My Experiences with a Virtualized pfSense Router

Sunday, June 7th, 2009

Here in SFU’s residences, we have mandatory internet provided for us through a service called ResNet (or RezNet depending on where you look). It has been notoriously unreliable over the five semesters I have been in SFU, which I’ll discuss a little more later. The constant reliability issues over my first two semesters prompted me to get a second connection from Shaw so that I would generally always have internet connectivity.
But I got tired of manually swapping the connections between computers when the ResNet one wasn’t working properly. I just happened to have a server of reasonable speed with three network interfaces and a license of VMware Workstation.
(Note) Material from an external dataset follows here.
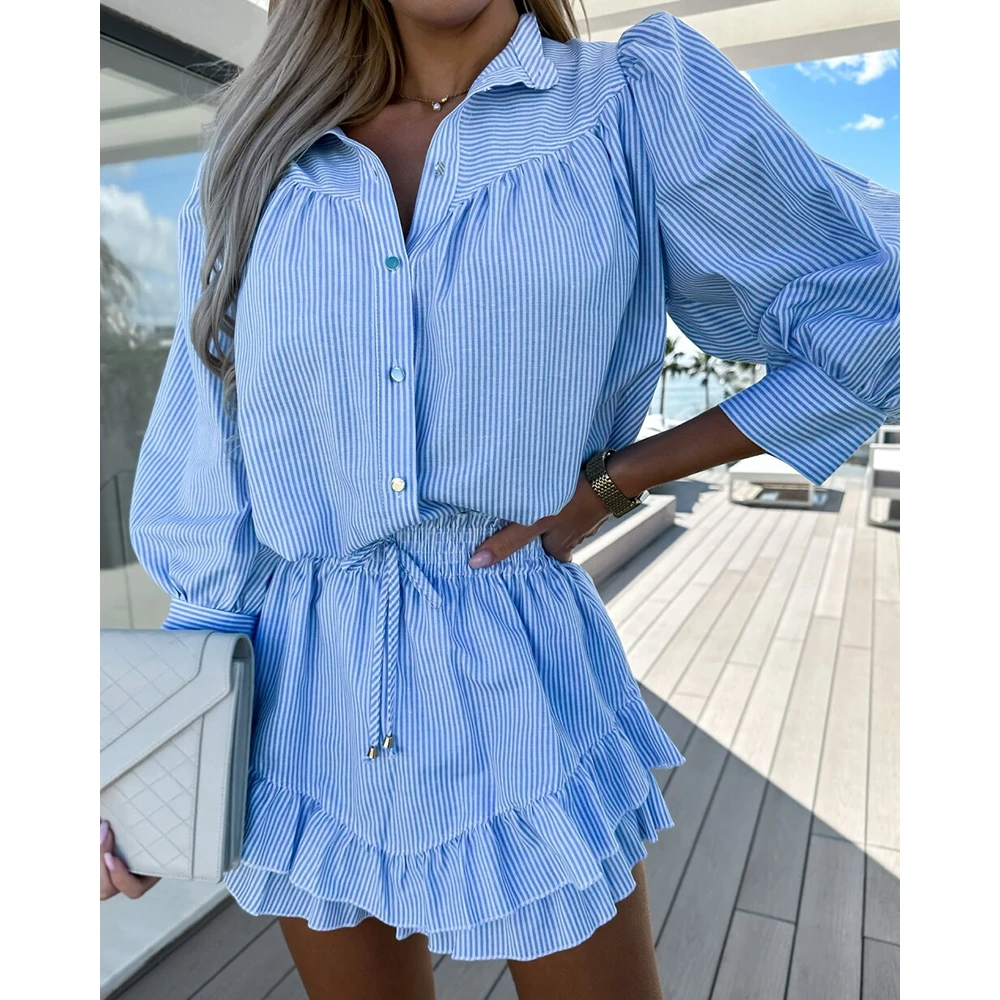 Women Lantern Sleeve Buttoned Shirt & Ruffle Hem Skirts Sets Female Long Sleeve 2 Piece Casual Summer 2024 Outfits Clothing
So it naturally followed that I decided to use that to run a router, but the issue was that I needed something that was good at load balancing, and in my research, Linux routers weren’t the best at it. Enter PFsense.
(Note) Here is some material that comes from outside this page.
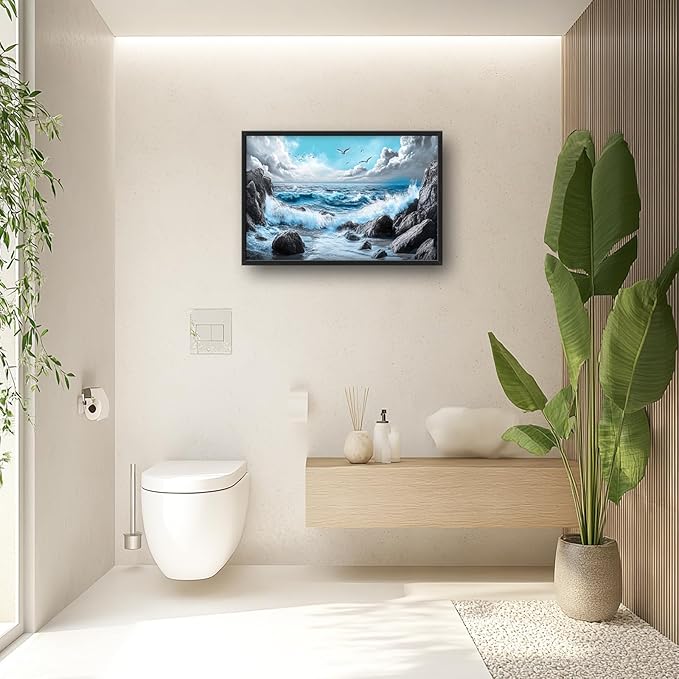 Extra Large Framed Abstract Sea Ocean Wall Art,Black and White Wall Decor, Coastal Seashore Pictures for Living Room,Canvas Print Painting Modern Artwork Bedroom Office Bathroom 36L x 24W-PurrikoPets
Initially, I had intended to setup NetBSD on my server to act as a Xen host and then run Linux on top of that for an OS I was familiar with, with NetBSD being a router host with PF, a central part of a router/firewall, running the sharing of the two connections.
Unfortunately, I could not get NetBSD to play nicely with my hardware (and in fact, no Linux kernel older than 2.6.27) and gave up and finally settled on Arch Linux due to the fact that it is almost always up to date. However, it still sat in a configuration where I had to manually change configuration files in order to switch internet connections due to my inexperience with VMware Workstation.
After some reading, I finally figured out that Workstation already had a bunch of built in networking functions, including bridging, which had been my stumbling block. Once I figured out how easy it was to use it to bridge between physical and virtual connections, there wasn’t anything keeping me from using Workstation to host a router.
So I went in search of an OS that had strong load balancing capabilities, and finally settled on PFsense, which even had an already made VMware compatible virtual appliance.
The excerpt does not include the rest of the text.